◆ TASK TO COMPLETE ◆
Write each entry again exactly as shown, but without the images it holds.

[Dataset entries]
——

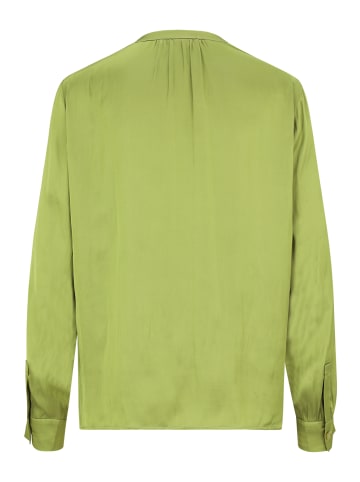 Betty Barclay Satin-Bluse langarm in Fresh Moss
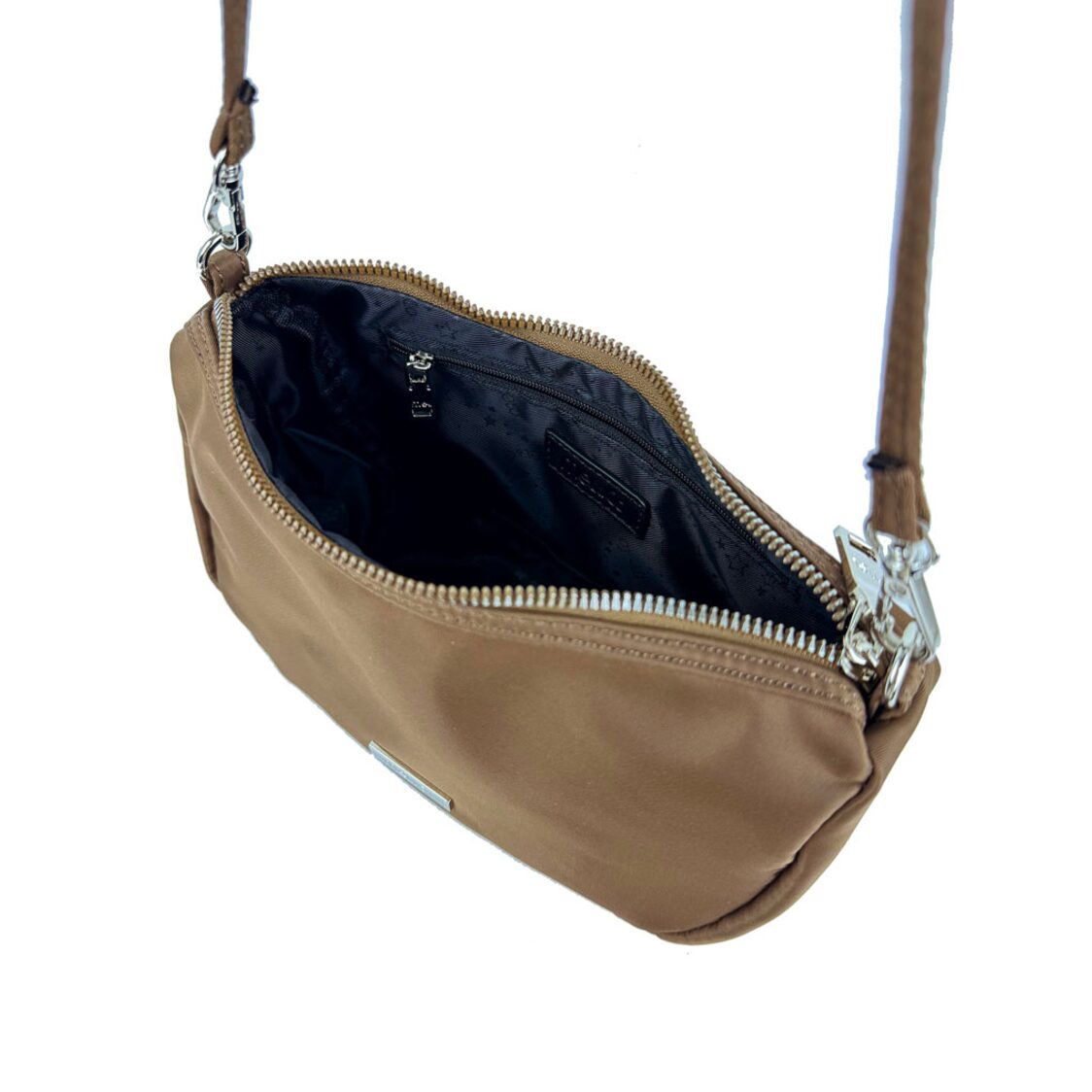 Mel&Co Casual Nylon Shoulder Sling Bag Small Wine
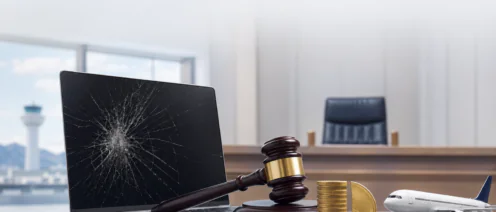 Суд взыскал с авиакомпании часть суммы за разбитый ноутбук пассажира на рейсе Екатеринбург — Сочи, признав обоюдную вину сторон.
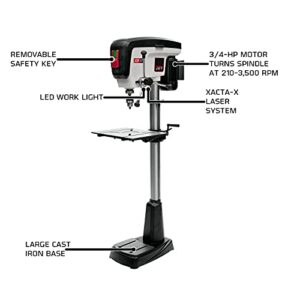 JET 17-Inch Floor Drill Press, 3/4 HP, 1Ph 115V (JDP-17)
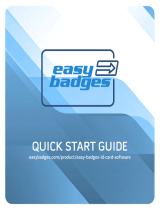 easy badges ID Card User guide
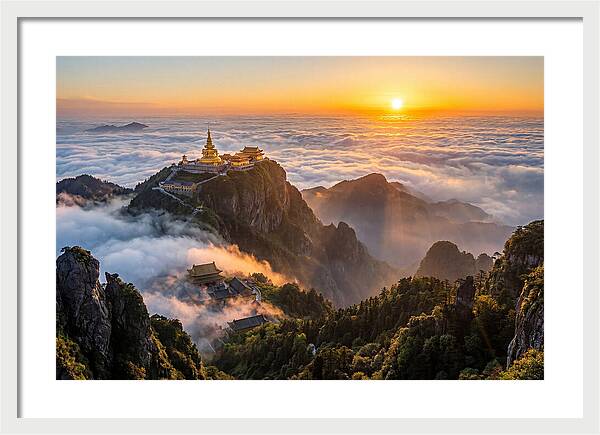 Mount Emei Above The Clouds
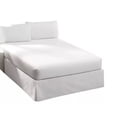 thumbnail image 1 of Rodapie Blanco Liso King Size Microfibra Decoración Concord, 1 of 3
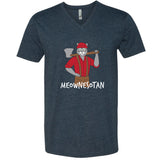 Meownesotan Minnesota V-Neck T-Shirt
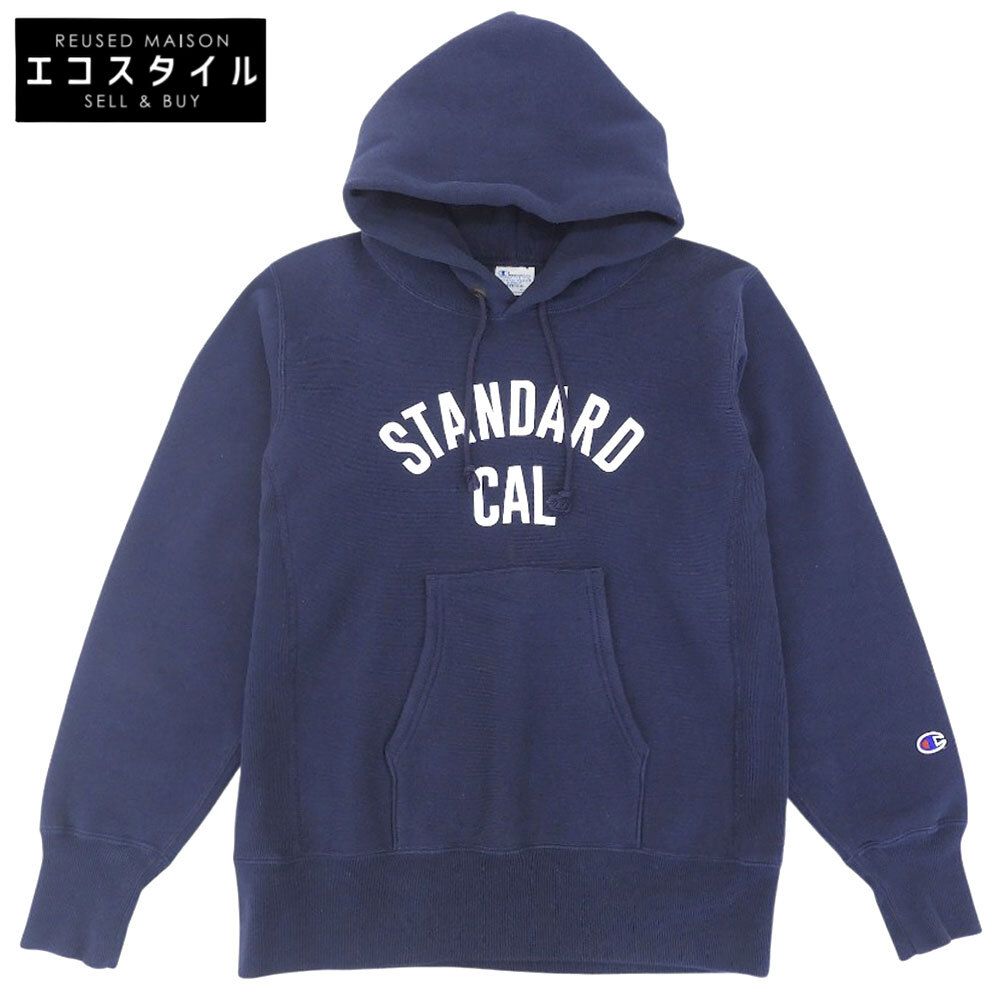 STANDARD CALIFORNIA スタンダードカリフォルニア チャンピオン別注 リバースウィーブ パーカー トップス メンズ ネイビー M M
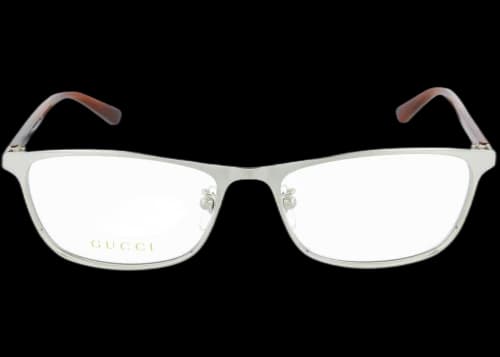 Gucci Square-Frame Titanium Optical Frames Gold Avana Transparent (GG0133OJ-30001568-004)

——

◆ RESPONSE AREA ◆
 Betty Barclay Satin-Bluse langarm in Fresh Moss
 Mel&Co Casual Nylon Shoulder Sling Bag Small Wine
 Суд взыскал с авиакомпании часть суммы за разбитый ноутбук пассажира на рейсе Екатеринбург — Сочи, признав обоюдную вину сторон.
 JET 17-Inch Floor Drill Press, 3/4 HP, 1Ph 115V (JDP-17)
 easy badges ID Card User guide
 Mount Emei Above The Clouds
 thumbnail image 1 of Rodapie Blanco Liso King Size Microfibra Decoración Concord, 1 of 3
 Meownesotan Minnesota V-Neck T-Shirt
 STANDARD CALIFORNIA スタンダードカリフォルニア チャンピオン別注 リバースウィーブ パーカー トップス メンズ ネイビー M M
 Gucci Square-Frame Titanium Optical Frames Gold Avana Transparent (GG0133OJ-30001568-004)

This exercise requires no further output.